### EXERCISE OBJECTIVE
Return the lines of the data below starting at the one holding "Landscape with setting sun by Pierre Patel" and ending at the one holding "Sleepaxa Chrono Gunmetal", word for word, leaving every picture out.

### EXTRACTED ENTRIES
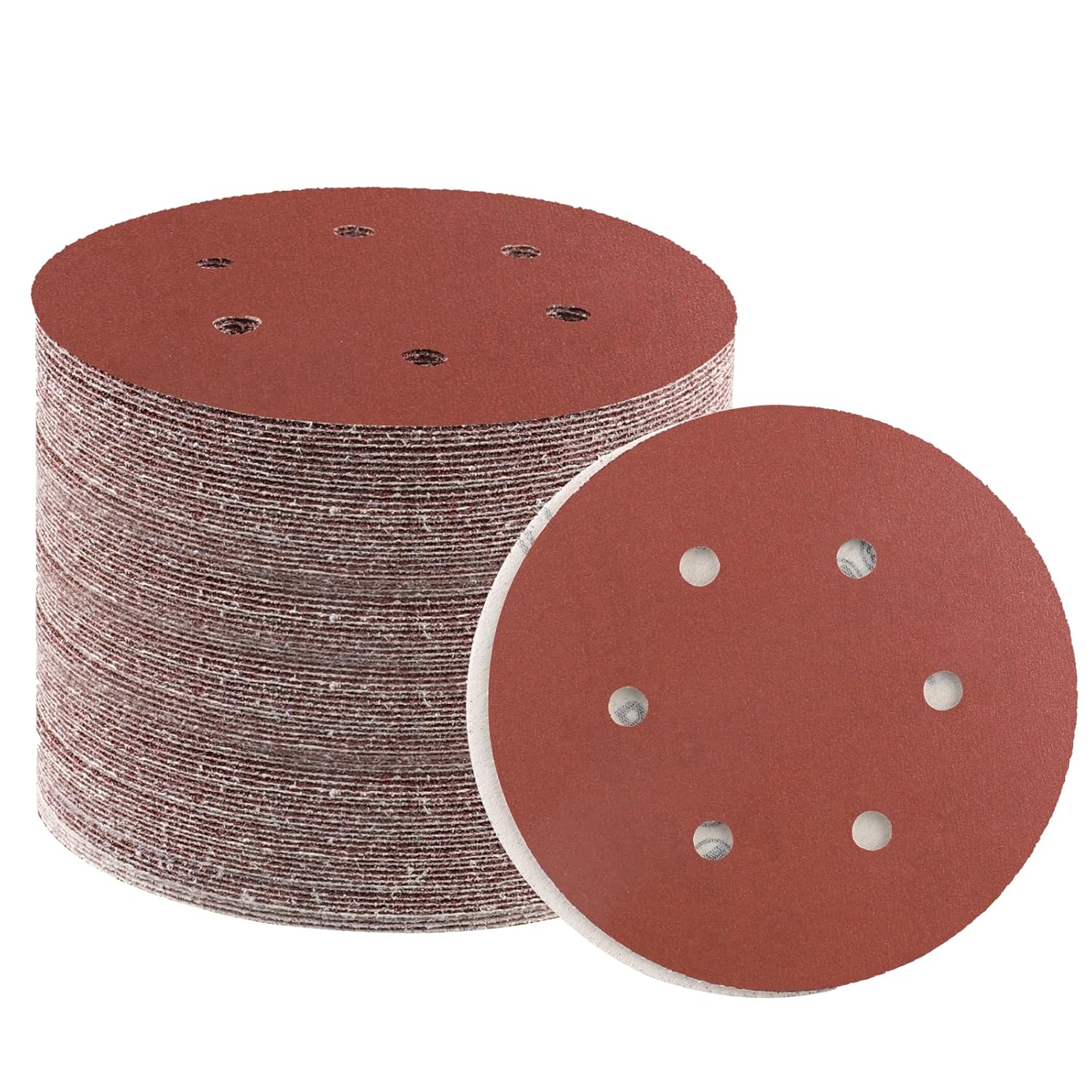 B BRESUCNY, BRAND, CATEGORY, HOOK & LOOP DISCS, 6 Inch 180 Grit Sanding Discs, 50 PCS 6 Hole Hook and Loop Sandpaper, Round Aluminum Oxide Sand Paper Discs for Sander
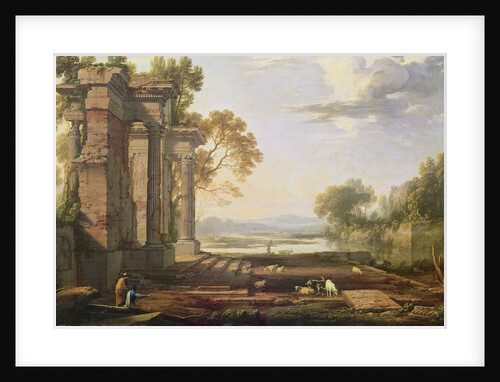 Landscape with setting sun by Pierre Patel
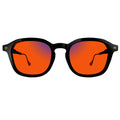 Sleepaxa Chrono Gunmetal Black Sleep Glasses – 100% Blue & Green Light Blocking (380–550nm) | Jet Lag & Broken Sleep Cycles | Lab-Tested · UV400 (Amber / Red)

--

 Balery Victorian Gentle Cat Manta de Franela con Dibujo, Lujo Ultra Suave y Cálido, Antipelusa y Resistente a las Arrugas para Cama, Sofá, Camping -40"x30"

* * *

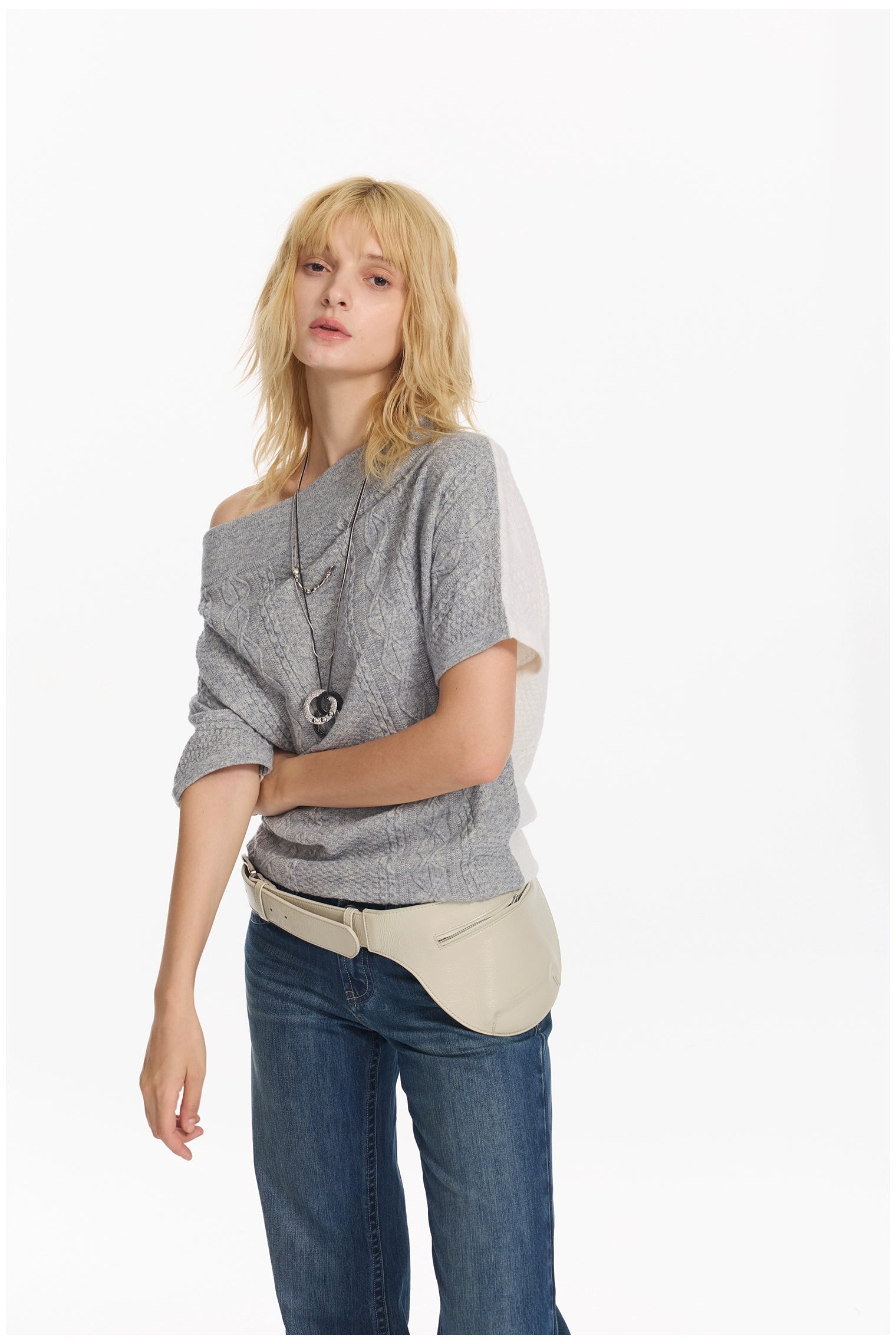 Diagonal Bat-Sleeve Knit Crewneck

### ANSWER SPACE
 Landscape with setting sun by Pierre Patel
 Sleepaxa Chrono Gunmetal Black Sleep Glasses – 100% Blue & Green Light Blocking (380–550nm) | Jet Lag & Broken Sleep Cycles | Lab-Tested · UV400 (Amber / Red)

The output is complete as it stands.